6.     Tanaman Pelindung
Tanaman pelindung adalah tanaman tahunan yang ditanam di sela-sela tanaman pokok tahunan. Tanaman pelindung ini dimaksudkan untuk mengurangi intensitas penyinaran matahari, dan dapat melindungi tanaman pokok dari bahaya erosi terutama ketika tanaman pokok masih muda. Tanaman pelindung ini dapat dikelompokkan menjadi dua, yaitu:
a. Tanaman pelindung sejenis yang membentuk suatu sistem wanatani sederhana (simple agroforestry). Misalnya tanaman pokok berupa tanaman kopi dengan satu jenis tanaman pelindung misalnya: gamal (Gliricidia sepium), dadap (Erythrina subumbrans), lamtoro (Leucaena leucocephala) atau kayu manis (Cinnamomum burmanii).

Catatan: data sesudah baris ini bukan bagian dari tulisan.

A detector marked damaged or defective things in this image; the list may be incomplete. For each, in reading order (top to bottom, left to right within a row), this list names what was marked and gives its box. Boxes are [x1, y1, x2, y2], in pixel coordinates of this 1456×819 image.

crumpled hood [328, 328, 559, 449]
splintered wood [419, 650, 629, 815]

b. Tanaman pelindung yang beraneka ragam dan membentuk wanatani kompleks (complex agroforestry atau sistem multistrata). Misalnya tanaman pokok berupa tanaman kopi dengan dua atau lebih tanaman pelindung misalnya: kemiri (Aleurites muluccana), jengkol (Pithecellobium jiringa), petai (Perkia speciosa), kayu manis, dadap, lamtoro, gamal, durian (Durio zibethinus), alpukat (Persea americana), nangka (Artocarpus heterophyllus), cempedak (Artocarpus integer), dan lain sebagainya.

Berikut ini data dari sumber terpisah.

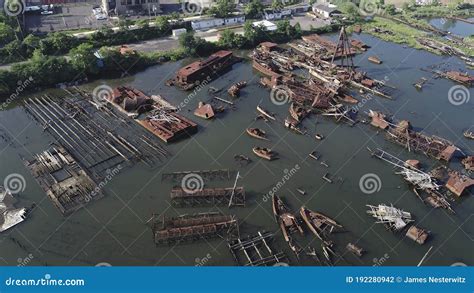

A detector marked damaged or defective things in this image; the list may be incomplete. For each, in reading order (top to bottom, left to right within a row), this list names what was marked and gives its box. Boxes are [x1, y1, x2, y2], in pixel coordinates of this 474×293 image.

rusted shipwreck [152, 212, 239, 244]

Tajuk tanaman yang bertingkat menyebabkan sistem ini  menyerupai hutan, yang mana hanya sebagian kecil air yang langsung menerpa permukaan tanah. Produksi serasah yang banyak juga menjadi keuntungan tersendiri dari sistem ini.

7.     Silvipastura
Sistem silvipastura sebenarnya adalah bentuk lain dari sistem tumpang sari, tetapi yang ditanam di sela-sela tanaman tahunan bukan tanaman pangan melainkan tanaman pakan ternak seperti rumput gajah (Pennisetum purpureum), rumput raja (Penniseitum purpoides), dan lain-lain. Silvipastura umumnya berkembang di daerah yang mempunyai banyak hewan ruminansia. Hasil kotoran hewan ternak tersebut dapat dipergunakan sebagai pupuk kandang, sementara hasil hijauannya dapat dimanfaatkan sebagai bahan pakan ternak. Sistem ini dapat dipakai untuk mengembangkan peternakan sebagai komoditas unggulan di suatu daerah.
8.     Pagar Hidup
Pagar hidup adalah sistem pertanaman yang memanfaatkan tanaman sebagai pagar untuk melindungi tanaman pokok. Manfaat tanaman pagar antara lain adalah melindungi lahan dari bahaya erosi baik erosi air maupun angin. Tanaman pagar sebaiknya tanaman yang mempunyai akar dalam dan kuat, menghasilkan nilai tambah bagi petani baik dari hijauan, buah maupun dari kayu bakarnya.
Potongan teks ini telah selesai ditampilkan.